Kennedy had secured control of 63 Democratic delegate votes, (at least on the first ballot) at the Democratic National Convention. In Washington, D.C., the Democratic primary was held the same day as Indiana's, and Kennedy beat the slates backing Humphrey by 62.5 percent to 37.5 percent. He picked up another 23 convention votes from the District of Columbia. The head of Kennedy's slate, Reverend Channing Phillips and his running mate Mrs. Flaxie Pinkett, became D.C. Democratic National Committee members; the District's Kennedy delegation also included the well-known black militant Colin Carew.
In a single day, Kennedy captured 86 delegate votes and the campaign had been put in motion. To Kennedy's chagrin, some of the major newspapers and television networks interpreted his primary victories in Indiana and D.C. as unimpressive and relatively meaningless. Eugene McCarthy, with whom CBS forced Kennedy to share a split-screen interview the night of the election, reinforced these sentiments in the news media by saying it didn't really matter much who came in first, second, or third. (Even forty years ago the news media had deep-seated reactionary tendencies.)

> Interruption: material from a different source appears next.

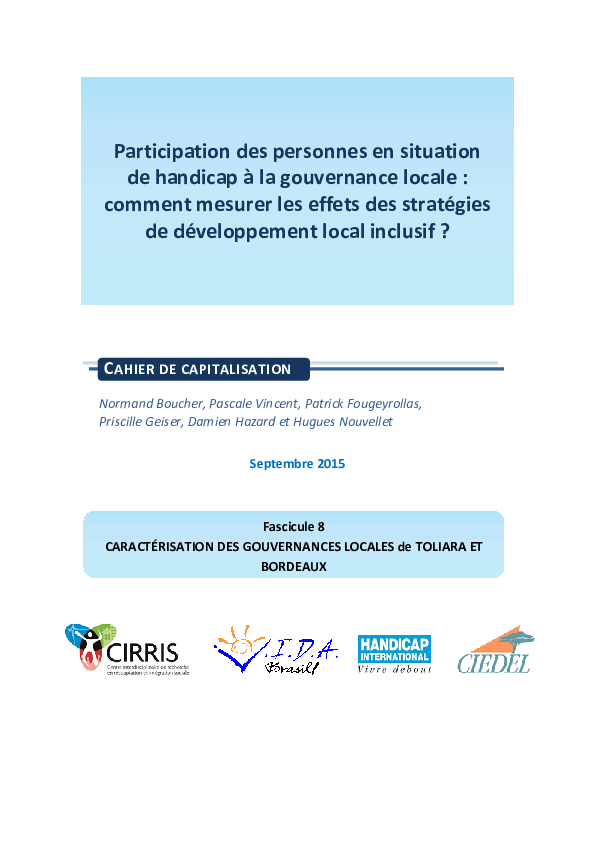 (PDF) Participation des personnes en situation de handicap à la ...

Seeing the difficulties ahead, Kennedy's friend, Anthony Lewis, who was then the chief London correspondent for the New York Times, wrote him after the Indiana victory: "You gave me a hard night. I see very little relief for you in the indefinite future," he wrote in a hand written note. "Perhaps now, as Indiana starts things rolling, you can give the public one thing I think it is lonesome for. That is hope. The United States used to have two very strong characteristics as a nation -- optimism and generosity. That is, we thought we could lick any problem if we put our minds to it, and we certainly were more generous than any other country in the history of the world. Lately it seems to me that we have not only turned in on ourselves in a selfish, ungenerous way -- I am thinking of the protectionist sentiment, as well as personal greed -- but also have dangerously lost our confidence. I still think we have resources and the intelligence and the will to solve our own problems and contribute to the world if we would return to our natural decency and optimism and stop being so sour. An end to the war in Vietnam is of course essential as a first step to permit that revival of faith. But perhaps it is time for you to begin looking beyond that."

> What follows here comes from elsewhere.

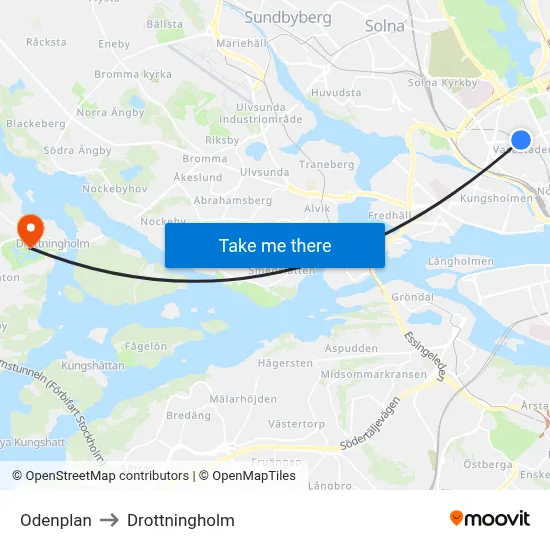 Odenplan to Drottningholm map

After the Democratic vote in Indiana and the District of Columbia, Kennedy had established himself as a viable challenger for the Democratic nomination. But whether or not he could successfully lead a polarized nation, as Lewis pointed out, would depend on his ability to end the Vietnam War and move the country beyond the crises of 1968.

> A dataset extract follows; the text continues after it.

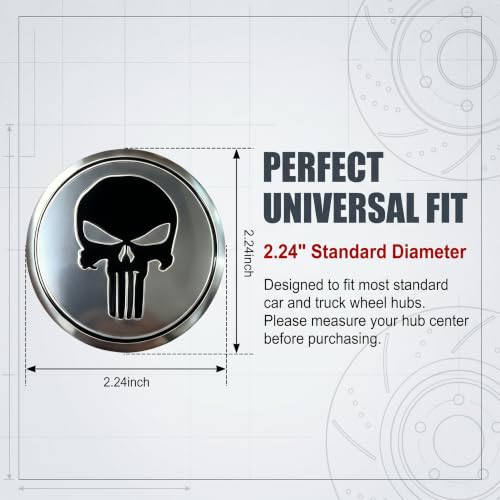 4 PCS Car Wheel Center Hub Cap Cover, Metal Skull Wheel Cover Center Caps Sticker, Universal Personalized Self-Adhesive Scratch-Proof Hub Cap Cover, for Most Cars, Trucks, SUVs (Silver) - color: Silver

On the evening of his victory in Indiana, Kennedy had a casual conversation with a group of friends and journalists, including David Halberstam and Jack Newfield. "I like Indiana," he said. "The people here were fair to me. They gave me a chance. They listened to me. I could see this face, way in back in the crowd, and he was listening, really listening to me. The people here are not so neurotic and hypocritical as in Washington or New York. They're more direct. I like rural people, who work hard with their hands. There is something healthy about them. . . . I loved the faces here in Indiana, on the farmers, on the steelworkers, on the black kids."